Google’s syndication protocol

Maurice says that Google’s new syndication protocol, which I asked about yesterday, is an indication that Google is putting a gate in the wall around its garden to enable queries into its data. That would be good. But what it really should allow is not just queries into but scraping of its data for that data is our data that we put there in services like Google Base. Why do I care about this? So that new services can come along and aggregate distributed posts — classified ads, listings, reviews, whatever — wherever they are on the internet, in blogs, in other still-closed services, or in open blogs. Now that Google is trying to become a repository of our data, that should be open to the world to aggregate and analyze as Google aggregates others’ data. The Golden Rule of the Google Age should be: Scrape unto others as you would have them scrape unto you.
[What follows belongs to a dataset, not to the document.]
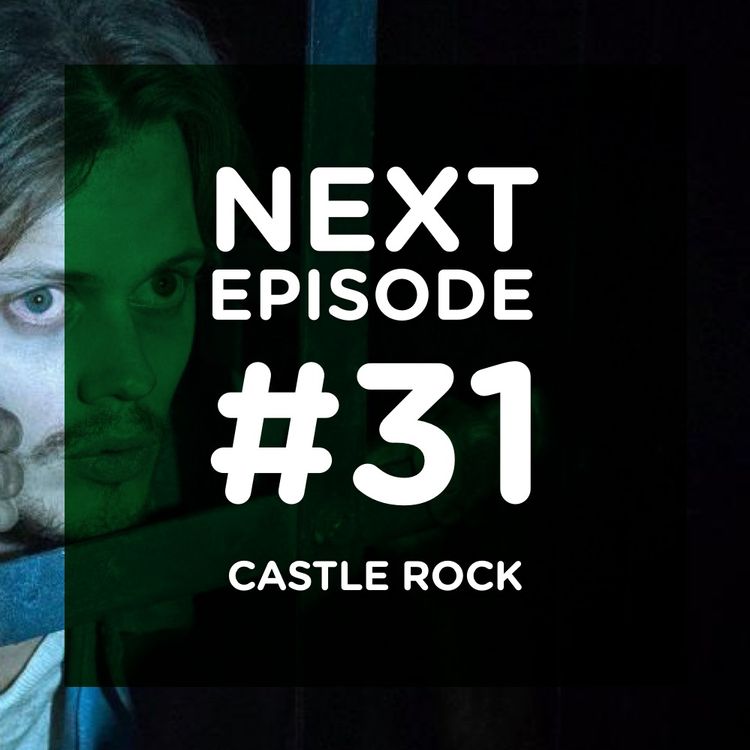 cover art for Castle Rock, zéro frisson garanti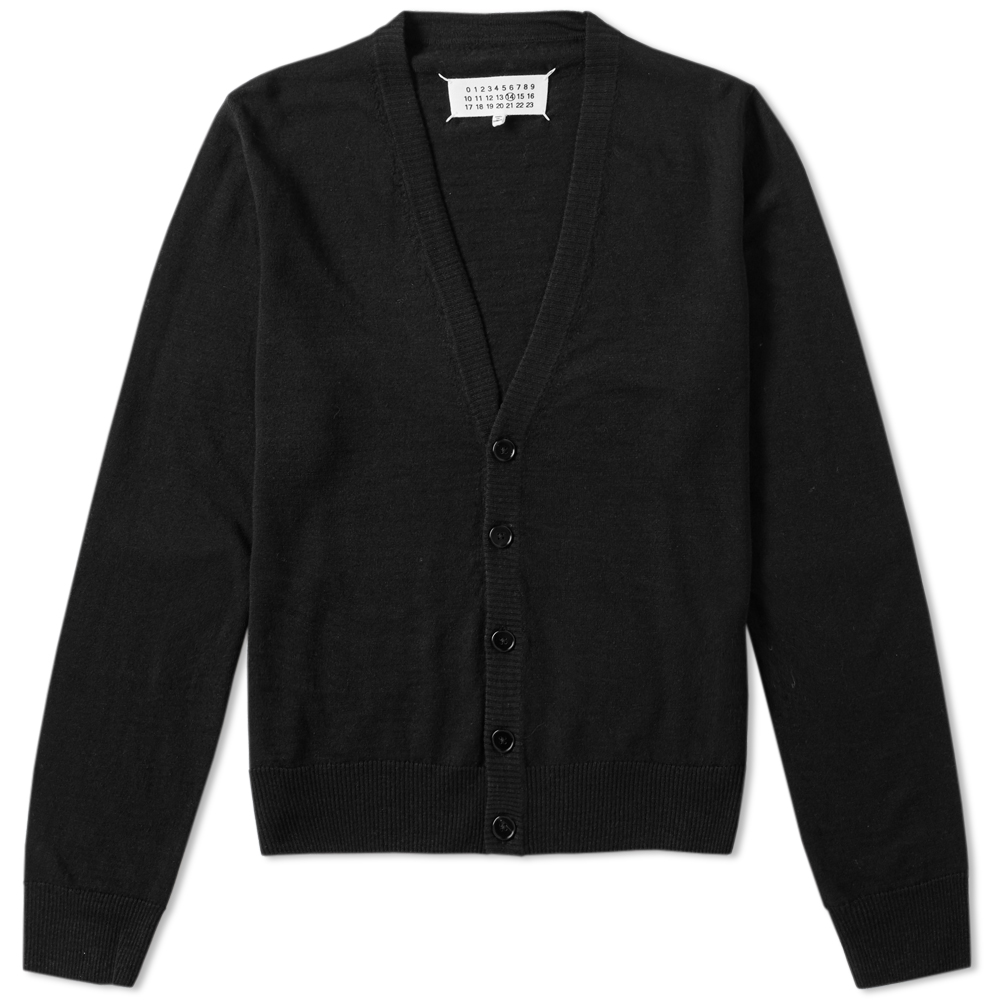 Maison Margiela 14 Elbow Patch Cardigan Maison Margiela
I hope that’s what the new syndication protocol does but I’m still not sure.

  • I’ve not really dug deep yet, but I get the impression that anything that you put into GData you can access directly – no need for scraping or search-style queries, it’s available as Atom through simple requests over HTTP (they don’t appear to support APP introspection, but that’s not a showstopper) .

    Whether or not Google decide to follow this path in their other products is another matter, but it looks to me like as far as GData is concerned, the garden has no wall.

  • Andy Freeman

    > I’ve not really dug deep yet, but I get the impression that anything that you put into GData you can access directly – no need for scraping or search-style queries

    Scraping is what search engines do to create their indexes.

    Jarvis is asking if Google will make this data available to Yahoo and the like, not to its owners. (Its owners don’t need access – they can keep a copy of what they upload.)

  • I agree that allowing massive scraping would be awesome, but I dont think it’s currently possible with just using GData– It’s something that the underlying service would have to provide.

    It seems that GData communications are only used to interact with a pre-existing feed, which is provided by the underlying service (ex, Google Calendar will provide you with the URL of the feed of your calendar items, which you send gdata requests to).

    The scraping you describe would require an easy way to get a large list of readable feeds. Looking at the calendar API, there doesn’t seem to be a way to do this for Google Calendar feeds.

    This makes sense I think– calendar data is inherently more private than items placed in Base, which is meant to allow public viewing and searching. Perhaps when they add a GData interface to Google Base, the Base service would extend GData to let you get a list of feeds. (Atompub, one of the emerging standards that GData is based on, lets you do this already via it’s introspection features).


  • I think they are moving towards distribution of their data, however they are going to charge for it through their API services. They are trying out pay per transaction API calls through their adwords product, it would not surprise me if they expand their API into other data and charge per ‘token’, right now it is going to be .25 per 1000 tokens.

  • janice

    I agree with Craig about the $$ point.

    It’s be cool though if they put out embed-a-ble feeds. I looked at the microformat local stuff this week — their integration of Yellow Pages, Local & Reviews from across the web. Being able to grab that stuff back to a site in a feed would rock — putting your ad in their page is not the same.

    Hm. It’s like reverse advertising. Take our formatted content and pay for it – and keep the ad dollars on your own site. Syndicatizing.

    In any case, it’ll be interesting to see how it plays out.